Aug 19, 2006 16:32
because she makes me laugh.
whew. saturdays. work, then home, then the ultimate struggle to get my ass out of this computer chair and squeeze one more workout out of the week before i lay around all day on sundays. the lazy is currently winnin, and that's because i'm still reeling from the after-effects - i ran for FORTY-FIVE minutes STRAIGHT on thursday. i haven't done that since high school soccer! i kinda guessed that this workout dvd i use was doing something, because i've lost a bunch of weight, but i had NO idea that it was actually making me cardiovascular-ly stronger, as well. well, that and the fact that i don't smoke NEARLY as many cigs anymore as i have for the past, oh, 13 years or so. okay, so i binge a bit on my one weekend drinking night. but i'm practically one of those people who "only smoke when i drink"! be impressed. seriously. please?
andy actually threatened to quit work today. only to me, of course, but it was still really weird, because he's SO laid back and NEVER lets himself get worked up. he's frustrated that we're surrounded by incompetent morons, of course. i am, too. it was bound to get to one of us sooner or later. i'm just shocked that he was the first to crack. i mean, i threaten to quit in my head at LEAST once a day, but who knows when i'm actually gonna sack up (thanks, rex!) and do something about it. it would help if there were actually any jobs available here. you know the worst thing about this job? not management, not the job itself, not even the fact that we are corporate wage-slaves...it's the customers. they are A-1 prime shitheads, to the last. if i EVER suggest that i may be even thinking about THINKING that i want to work with the general public ever again, you have my permission, here in writing, to shoot me. or at least poke me with a sharp stick or something, because people are ASSHOLES. give me a mind-numbing desk job away from customers ANYday.
note to self: you need to get gorilla permits. NOW. why are you putting this off?
today, i don't want to have kids. this is going to be a new installment in my lj. i used to go through cycles of wanting to/not wanting to (ALWAYS more wanting to than not), but lately (and by lately, i mean the last 6 months or so), it's been more unusual for me to think to myself "yes! kids!" than the opposite. i don't know why i've been obsessing about this so much lately, but i think it's because i'm scared that i actually might not ever want to have a kid. i don't know exactly what's WRONG with not wanting one, but i seem to think that there is something. i guess because everyone else in the world, you know, has one. or many. it's just something you do.

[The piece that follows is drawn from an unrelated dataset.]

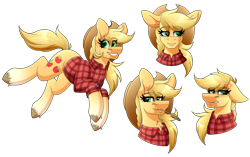 Size: 2960x1860 | Tagged: safe, artist:black-magic101, applejack, earth pony, pony, alternate design, cowboy hat, expressions, hat, plaid shirt, simple background, solo, transparent background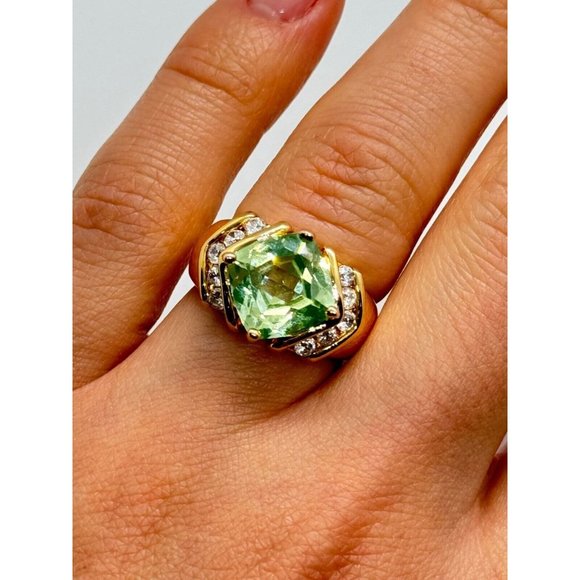 925 STERLING SILVER GOLD PLATED CZ RING SIZE 6 - Picture 1 of 9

i used to think that, when i would go through my 'not having' periods, i was just at a selfish point in my life, but i don't think that's it anymore. i'm starting to think that it's not selfish to not want them, but practical. there are too many things i want to do with this very.short.life. the way i see it, my parents dedicated 20+ years to raising us and working to support us (for which i am eternally grateful), and of COURSE i think that we were worth it, but do they? in their heart of hearts? did my mom harbor a secret desire to be an astronaut or to visit the west indies? i KNOW my dad probably could have found something more enjoyable to do than work in the insurance industry for 30 years. i can't help but think that if they had just held off a little longer, they might have followed another path in life entirely. but that's them, anyway. i mean, maybe my mom's greatest desire WAS to raise kids. i know there are plenty of people like that. i just don't see myself as one of those people. not that i think i'm going to do anything GREAT or world-changing with my life. i just want to be able to look back at the end of it and find that i didn't miss out on anything i'd always wanted to do.
yeah, yeah. everyone says that. some people even make lists. but hardly anyone checks anything off of those lists, and then they die. life gets in the way. and, in my eyes, kids get in the way. but NO ONE will admit it. it's always "not a moment of regret," and "my kids are the best thing that ever happened to me." bullshit. your life changed and you got a new perspective and a new focus, but that didn't make all the OTHER things you wanted to do go away. it just made them fond memories.
plus, teenagers TOTALLY suck. totally. i remember.
whew. well, i guess this one wasn't so much for Nat, proud mama that she is :) but it feels good to get stuff like this off my chest. i feel so weird for thinking these things, and i know i shouldn't. feel weird, i mean, not think them.